06. 1909-Completed by Scott & Son, Bowling #216 for J. Kennedy & Sons, Glasgow
1915-Sold to Alexander King Ltd, Belfast. Re CORBET
03.05.1941-Mined & sunk, 2 cables from Herculaneum Dock entrance River Mersey, o.v. Garston - Belfast, coal.

Ted.


----------



## ted nutt (Dec 4, 2008)

Morning again Mac,
Captain was John McIntyre Teare, buried in Greenland Cemetery, Larne.
Chief Eng was Samuel Caddell, noted on war memorial Newcastle Co Down
Ted.


----------



## ted nutt (Dec 4, 2008)

Mac, seaman W. Hill is noted on the Newcastle memorial not the Chief Eng Samuel Caddell.
Ted


----------



## Hugh MacLean (Nov 18, 2005)

Hello Mac,

Here is the casualty list for CORBET: 

CADDELL, Samuel SS CORBET BELFAST 03/05/1941 MERCHANT NAVY
DEVITT, John SS CORBET BELFAST 03/05/1941 MERCHANT NAVY
HILL, William SS CORBET BELFAST 03/05/1941 MERCHANT NAVY
HILL, Alexander SS CORBET BELFAST 03/05/1941 MERCHANT NAVY
MAWHINNEY, James SS CORBET BELFAST 03/05/1941 MERCHANT NAVY
MCNEILLY, David SS CORBET BELFAST 03/05/1941 MERCHANT NAVY
MCSEVENEY, Hugh SS CORBET BELFAST 03/05/1941 MERCHANT NAVY
TEARE, John McIntyre SS CORBET BELFAST 03/05/1941 MERCHANT NAVY

William Hill and Alexander Hill were the two from Annalong.

Regards
Hugh


----------



## Roger Griffiths (Feb 10, 2006)

Hello Mac,
Attached Survivors Report.

regards
Roger


----------



## mac 1 (Aug 19, 2010)

*Coaster SS Corbet*

Hi Folks,
Sorry I haven't responded earlier but I was very busy with a lot of other things.Thank you lads for giving me such a comprehensive picture and especially Ted for his commitment.You lads always come through,pity that Chris Tarrant has quit!!!
Now another question.A mate of mine bought a ships bell at an auction in Belfast and was hoping to get some info on it.The bell is engraved Bone Fide 1988.Nothing else is known about this vessel so anything would be a bonus.
Thanks everyone once again,keep up the good work.
Let us remember,lest we forget
MAC.


----------



## jhcous (Jul 22, 2016)

Hi Mac
This may be a long shot.
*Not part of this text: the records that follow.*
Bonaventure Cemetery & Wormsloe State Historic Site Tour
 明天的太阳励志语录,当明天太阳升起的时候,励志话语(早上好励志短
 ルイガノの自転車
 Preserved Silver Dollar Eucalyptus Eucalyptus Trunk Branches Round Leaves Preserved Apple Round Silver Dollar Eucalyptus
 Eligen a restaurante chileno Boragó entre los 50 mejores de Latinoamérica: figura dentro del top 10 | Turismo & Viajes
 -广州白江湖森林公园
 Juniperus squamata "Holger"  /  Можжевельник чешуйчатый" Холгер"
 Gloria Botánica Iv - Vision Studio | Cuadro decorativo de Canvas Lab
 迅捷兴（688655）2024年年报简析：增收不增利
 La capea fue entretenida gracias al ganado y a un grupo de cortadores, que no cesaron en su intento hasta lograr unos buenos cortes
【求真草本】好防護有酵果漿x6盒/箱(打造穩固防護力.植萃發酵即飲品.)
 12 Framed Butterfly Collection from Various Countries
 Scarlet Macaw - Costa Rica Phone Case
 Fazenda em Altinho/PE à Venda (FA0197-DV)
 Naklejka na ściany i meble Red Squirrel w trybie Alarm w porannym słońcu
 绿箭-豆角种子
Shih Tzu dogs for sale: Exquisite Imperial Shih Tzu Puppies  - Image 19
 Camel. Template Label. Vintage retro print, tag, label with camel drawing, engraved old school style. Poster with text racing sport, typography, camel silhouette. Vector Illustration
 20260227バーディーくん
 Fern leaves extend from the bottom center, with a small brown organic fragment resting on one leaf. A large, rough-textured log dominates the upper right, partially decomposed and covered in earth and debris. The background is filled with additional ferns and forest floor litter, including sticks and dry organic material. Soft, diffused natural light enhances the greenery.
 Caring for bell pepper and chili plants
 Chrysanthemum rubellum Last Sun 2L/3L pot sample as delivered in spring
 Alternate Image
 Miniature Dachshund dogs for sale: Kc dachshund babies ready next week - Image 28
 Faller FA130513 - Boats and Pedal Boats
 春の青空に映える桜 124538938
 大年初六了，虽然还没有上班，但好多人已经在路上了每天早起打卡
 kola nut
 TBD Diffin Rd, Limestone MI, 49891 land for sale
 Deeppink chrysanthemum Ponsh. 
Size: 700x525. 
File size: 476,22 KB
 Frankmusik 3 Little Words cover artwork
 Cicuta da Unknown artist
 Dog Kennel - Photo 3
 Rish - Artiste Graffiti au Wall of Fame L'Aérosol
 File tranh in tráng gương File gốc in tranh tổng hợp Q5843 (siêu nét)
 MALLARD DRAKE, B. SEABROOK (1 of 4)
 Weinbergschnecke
There was a Kilkeel fishing boat called Bona Fide built in 1968 in the Netherlands and registered in Newry. Length 25 meters, gross tonnage 104, registered to S& R Donnan Seafoods Ltd Whitehaven. May have been decommissioned and broken up under E.C. rules. A query to a Facebook page called "A Day in the Life of Kilkeel Harbour" might get you more info.
JHC


----------